「お好みのワインは」と聞かれても、ソムリエでもないしうまく答えられない。でもおいしい銘柄は飲みたい。もちろん飲みすぎは避けたい。こんな愛飲者の要望をすべてかなえてくれるワインバーがある。しかも、データ分析で。
ソムリエがデータ分析官─。CRM(顧客関係管理)システムのデータを駆使して、顧客をもてなすユニークなワインバーとは、東京港区に店を構える「マックスボルドー六本木」だ。大手のボルドーワイン商社である仏ボルドーワインバンクの日本法人、BWB Japan(東京・板橋)が運営する。2011年11月の開店当初から黒字で、前年比15%増のペースで売り上げを伸ばしているという。
ワインを注ぐのは、「エノマティックマシン」と呼ばれる専用機だ。通常の店舗のソムリエであれば、ワインのコルクを抜き、ワインを注ぐのが重要な仕事の1つだが、マックスボルドー六本木では6台設置したエノマティックマシンがその役割を担う(写真1)。

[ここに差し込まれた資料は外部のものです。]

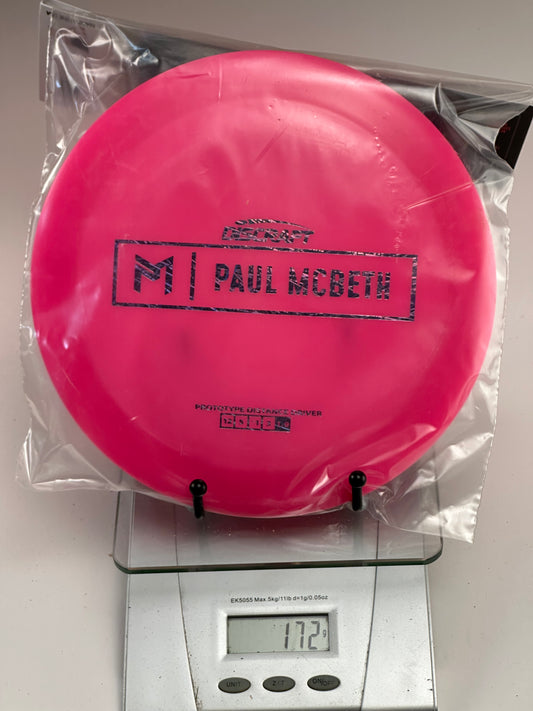 Discraft ESP Prototype Zeus Distance Driver, Pink w/ Black Paul McBeth Stamp (172g)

マックスボルドーの会員になった顧客は、持参したワインカードを使用し、1杯800円~5000円まで48種類のボルドーワインの中から、好みのワインと分量を選び、エノマティックマシンのボタンを押す。するとかざしたグラスにワインが注がれる。
これと同時に、ワインカードから自動的にチャージが差し引かれ、エノマティックマシンはマックスボルドー店内のCRMシステムにデータを送信する。会員がいつ、どの種類のワインを何cc飲んだかといったデータを逐一収集、管理しているわけだ。
エノマティックマシンは1台200万円する特殊装置。だが、CRMシステムは高価なソフトを導入したわけではなく、マイクロソフトのデータベースソフト「Access」で比較的安価に開発したという。
マックスボルドーでのソムリエの仕事は顧客データの分析とワインの提案、そして顧客との対話である。顧客ごとにワインの購入履歴をたどり、1回ごとの酒量、愛飲する価格帯などを把握した上で、1人ひとりの好みに応じた新作ワインを提案する(写真2)。「趣味に合わない、高額なワインをすすめられることはない」。こんな安心感を顧客に与える。